Revisitando Cam, Luara Erremays

Ainda é recente a percepção sobre ter aprendido a ser mulher com mulheres negras, sobre como a história das que vieram antes de mim se repetem no meu corpo, no meu sentir, na minha trajetória. Aprendi a amar com mulheres negras, herdei sem saber umas dores antigas, coloniais, que aprisionam o ventre, os sentires, as asas. Às vezes me perco pensando nessa procura por um lugar que nunca me aquieta, essa saudade sincera de um mistério que não enxergo – não me caibo aqui e nem em lugar nenhum.

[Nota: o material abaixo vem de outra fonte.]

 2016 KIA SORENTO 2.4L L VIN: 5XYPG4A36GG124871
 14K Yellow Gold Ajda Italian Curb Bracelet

Aprendi a amar com minha avó nunca mimada, endurecida para sobreviver, resistente como uma rocha, capaz de suportar as maiores dores do mundo sem derramar uma lágrima. Que cuida anos e décadas de gerações de homens, meninos, e também de nós poucas, que demonstra amor e cuidado na casa limpa, na roupa passada, na comida feita para agradar. E que se contenta com qualquer coisa, ainda que seja nada, embalada pela certeza da vida eterna, do descanso eterno no paraíso.

Aprendi amor com a minha mãezinha que sozinha me criou, sozinha atravessou os anos de caos e fúria que eu fui, que não abaixou a cabeça para precisar de um homem. Minha mãe, uma haste fina, permaneceu em terríveis ventanias com seu corpo frágil, envergando a todo lado sem nunca quebrar. Que me ama com durezas e rigor dos discursos, que me ama com as palavras lapidadas e coração bem aberto pra me compreender.

Delas recebi os dons que abrem meus caminhos, a mão para o tempero, o verbo lapidado, uma teimosia solitária de quem sabe: a companhia e o amor tantas vezes vem carregados de pesos enormes, insuportáveis, mais nos afundam que nos dão asas, então fechadas, herméticas, mudas caminhamos. Nós contra o mundo. Mas também somos moles e muito fácil rompe-se a casca, expondo a doçura, nossos sorrisos carinhosos.  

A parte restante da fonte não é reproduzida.